The measure did not include $1 billion requested by President Donald Trump to promote public and private school choice programs because the proposed Furthering Options for Children to Unlock Success (FOCUS) program is not yet authorized by federal law. School choice programs, often referred to as “vouchers,” usually divert public tax dollars from public schools to private schools.
The committee approved $27 billion in additional funding for charter school funding over Fiscal Year 2017, about $130 million less than the administration had requested. In Kansas, charter schools operate under the supervision of the locally-elected board of education. In 2015-16, there were 10 charter schools in Kansas.

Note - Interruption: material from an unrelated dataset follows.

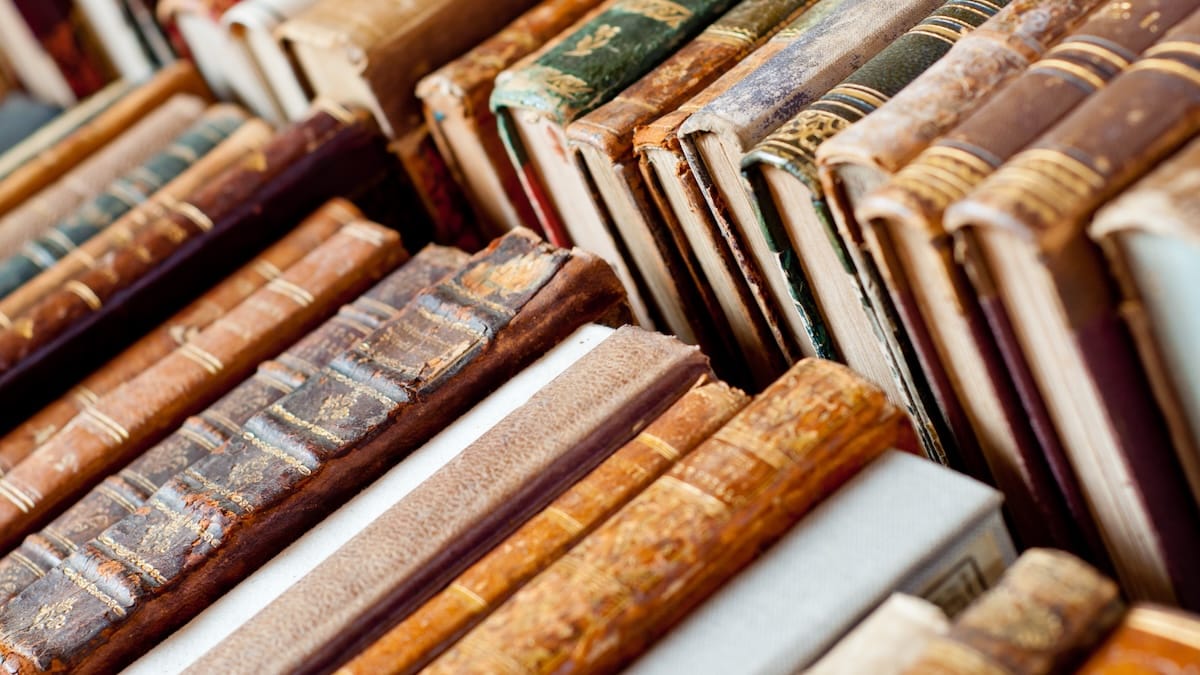 A stack of well-worn classic books on a desk in warm light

The Individuals with Disabilities Education Act (IDEA) is slated to receive a $87 million increase over FY2017 and $309 million over the administration’s FY2018 request.
The bill eliminates Title II, Part A “Supporting Effective Instruction” funds that school districts use for teacher professional development, to lower class sizes, promote STEM initiatives, and many other purposes. Kansas schools traditionally receive about $18 million in Title II, Part A funding.
Career and Technical Education State Grants
Are funded at Fiscal Year 2017 levels; Kansas receives about $10 million annually from those grants.
21st Century Learning Centers
The Appropriations Committee approved $1 billion for the 21st Century Learning Center program grants, which Kansas schools use to provide before- and after- school programs and summer school.
The appropriation is a $191 million cut from FY 2017; however, the Trump Administration had proposed to eliminate the program in FY 2018.
The committee retained $66 million in federal impact aid that compensates Kansas schools for $30 million in foregone property taxes and for education costs associated with military-connected students.